**About this exercise**
If a line contains "Cuppin's Teahouse & Cupcakes", it is the last one to write out; begin with the first line of the records and copy each exactly.

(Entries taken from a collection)
—————
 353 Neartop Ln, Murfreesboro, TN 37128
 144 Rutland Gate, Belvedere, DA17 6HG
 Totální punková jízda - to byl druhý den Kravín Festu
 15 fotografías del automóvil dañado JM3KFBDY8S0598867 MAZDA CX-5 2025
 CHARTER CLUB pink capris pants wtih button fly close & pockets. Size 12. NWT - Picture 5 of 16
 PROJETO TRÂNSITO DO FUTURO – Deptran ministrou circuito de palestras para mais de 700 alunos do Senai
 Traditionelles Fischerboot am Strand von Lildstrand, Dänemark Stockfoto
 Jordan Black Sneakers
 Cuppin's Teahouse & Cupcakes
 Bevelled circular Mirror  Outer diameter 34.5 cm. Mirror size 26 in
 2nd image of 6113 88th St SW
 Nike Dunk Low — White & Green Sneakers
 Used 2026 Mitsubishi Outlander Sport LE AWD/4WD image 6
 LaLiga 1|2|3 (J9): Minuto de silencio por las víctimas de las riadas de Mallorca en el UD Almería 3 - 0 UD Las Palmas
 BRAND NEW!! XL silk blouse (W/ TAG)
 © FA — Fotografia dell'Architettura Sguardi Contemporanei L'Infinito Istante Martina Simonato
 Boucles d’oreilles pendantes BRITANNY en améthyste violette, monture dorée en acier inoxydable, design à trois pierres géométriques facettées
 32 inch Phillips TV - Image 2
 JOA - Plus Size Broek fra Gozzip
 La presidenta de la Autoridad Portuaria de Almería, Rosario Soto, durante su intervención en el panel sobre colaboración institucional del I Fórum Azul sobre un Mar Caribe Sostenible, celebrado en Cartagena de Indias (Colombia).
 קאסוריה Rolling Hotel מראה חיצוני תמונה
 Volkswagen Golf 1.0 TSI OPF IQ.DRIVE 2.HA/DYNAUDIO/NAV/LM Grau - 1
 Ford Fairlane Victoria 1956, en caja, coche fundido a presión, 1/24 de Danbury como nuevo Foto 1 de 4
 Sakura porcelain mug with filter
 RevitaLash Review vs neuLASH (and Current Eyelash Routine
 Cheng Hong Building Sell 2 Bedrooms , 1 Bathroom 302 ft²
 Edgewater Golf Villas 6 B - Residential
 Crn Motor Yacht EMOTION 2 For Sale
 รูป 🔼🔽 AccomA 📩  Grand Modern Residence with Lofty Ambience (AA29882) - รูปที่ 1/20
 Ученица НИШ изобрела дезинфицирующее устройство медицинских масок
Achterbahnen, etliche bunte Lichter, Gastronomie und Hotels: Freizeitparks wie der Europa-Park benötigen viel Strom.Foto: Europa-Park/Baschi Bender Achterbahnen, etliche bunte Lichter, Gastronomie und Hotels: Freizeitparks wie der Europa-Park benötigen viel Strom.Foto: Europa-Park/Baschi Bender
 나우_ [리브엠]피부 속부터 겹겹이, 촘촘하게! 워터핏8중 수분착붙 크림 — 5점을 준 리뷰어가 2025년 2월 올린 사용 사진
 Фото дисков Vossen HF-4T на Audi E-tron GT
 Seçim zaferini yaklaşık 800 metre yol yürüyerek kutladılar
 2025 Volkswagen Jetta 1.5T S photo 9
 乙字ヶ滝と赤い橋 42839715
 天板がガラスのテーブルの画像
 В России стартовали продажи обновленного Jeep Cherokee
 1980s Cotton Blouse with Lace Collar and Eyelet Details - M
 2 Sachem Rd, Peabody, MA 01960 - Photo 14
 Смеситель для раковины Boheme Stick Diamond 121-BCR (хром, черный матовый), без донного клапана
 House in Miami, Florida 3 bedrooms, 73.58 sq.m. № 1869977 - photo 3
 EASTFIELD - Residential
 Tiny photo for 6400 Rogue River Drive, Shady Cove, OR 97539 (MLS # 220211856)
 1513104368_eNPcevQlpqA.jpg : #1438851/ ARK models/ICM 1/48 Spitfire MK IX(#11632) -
—————
**Final answer**
 353 Neartop Ln, Murfreesboro, TN 37128
 144 Rutland Gate, Belvedere, DA17 6HG
 Totální punková jízda - to byl druhý den Kravín Festu
 15 fotografías del automóvil dañado JM3KFBDY8S0598867 MAZDA CX-5 2025
 CHARTER CLUB pink capris pants wtih button fly close & pockets. Size 12. NWT - Picture 5 of 16
 PROJETO TRÂNSITO DO FUTURO – Deptran ministrou circuito de palestras para mais de 700 alunos do Senai
 Traditionelles Fischerboot am Strand von Lildstrand, Dänemark Stockfoto
 Jordan Black Sneakers
 Cuppin's Teahouse & Cupcakes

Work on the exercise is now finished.